▶ [Work to be completed]:
With the pictures left out, retype exactly the lines below starting at the line that contains "اشتري SILVER CREST" and ending at the line that contains "Lời bài hát BUỒN NÀO HƠN".

▶ [Given records]:
_ _ _ _ _

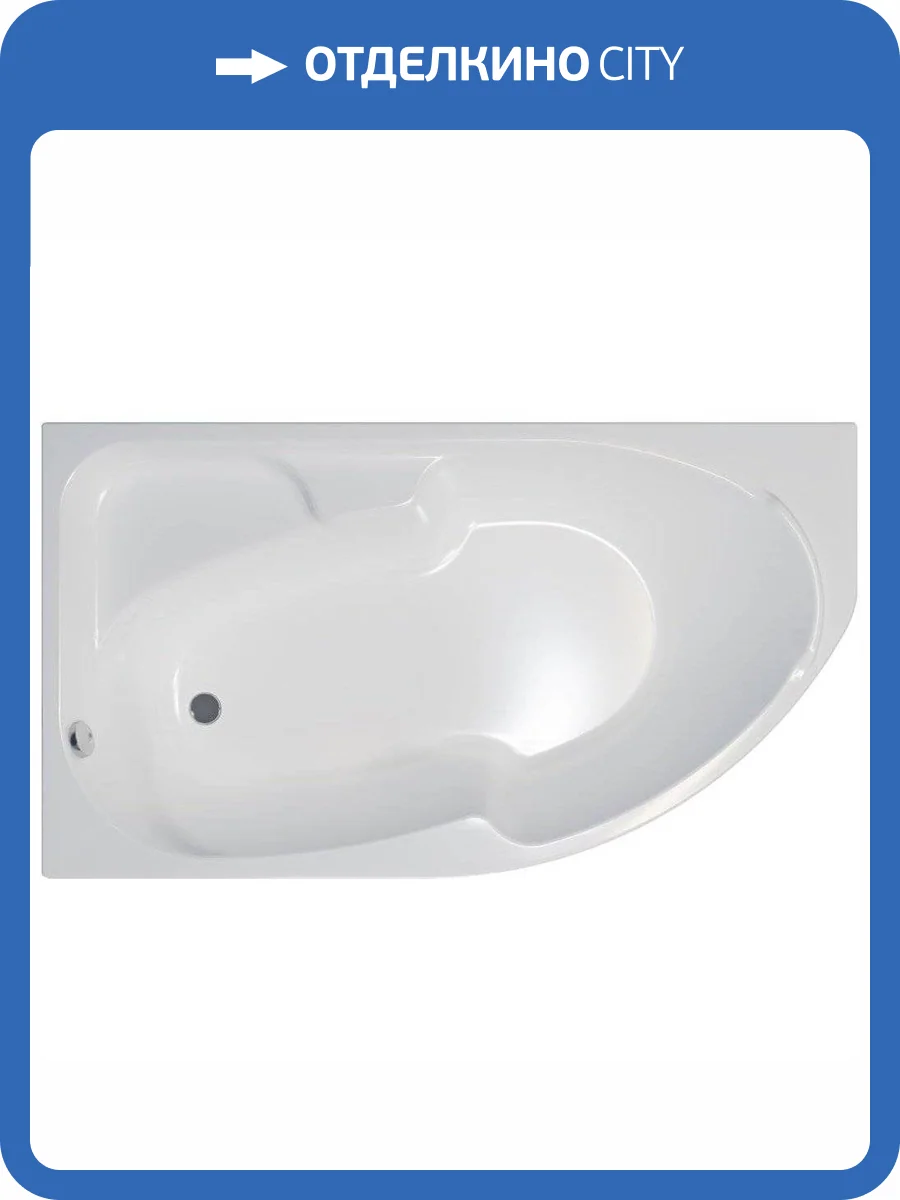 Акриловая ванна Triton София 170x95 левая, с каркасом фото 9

_ _ _ _ _

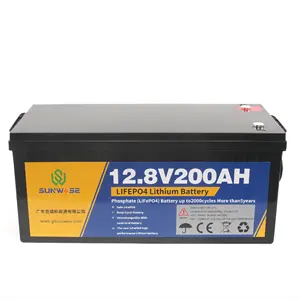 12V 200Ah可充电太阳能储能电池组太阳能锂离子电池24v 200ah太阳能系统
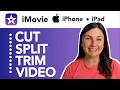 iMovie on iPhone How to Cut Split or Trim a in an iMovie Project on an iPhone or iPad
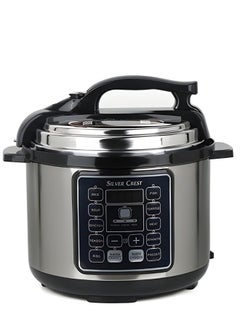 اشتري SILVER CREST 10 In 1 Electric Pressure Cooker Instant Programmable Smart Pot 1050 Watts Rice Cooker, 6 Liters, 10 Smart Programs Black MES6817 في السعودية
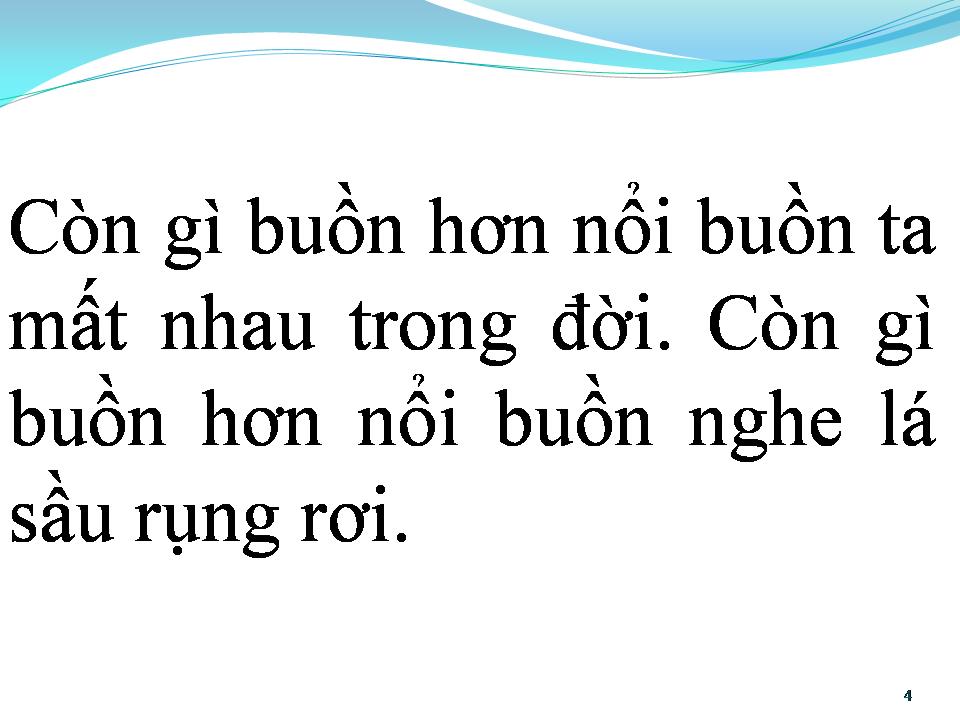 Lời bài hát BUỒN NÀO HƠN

_ _ _ _ _

▶ [Solution for this problem]:
 اشتري SILVER CREST 10 In 1 Electric Pressure Cooker Instant Programmable Smart Pot 1050 Watts Rice Cooker, 6 Liters, 10 Smart Programs Black MES6817 في السعودية
 Lời bài hát BUỒN NÀO HƠN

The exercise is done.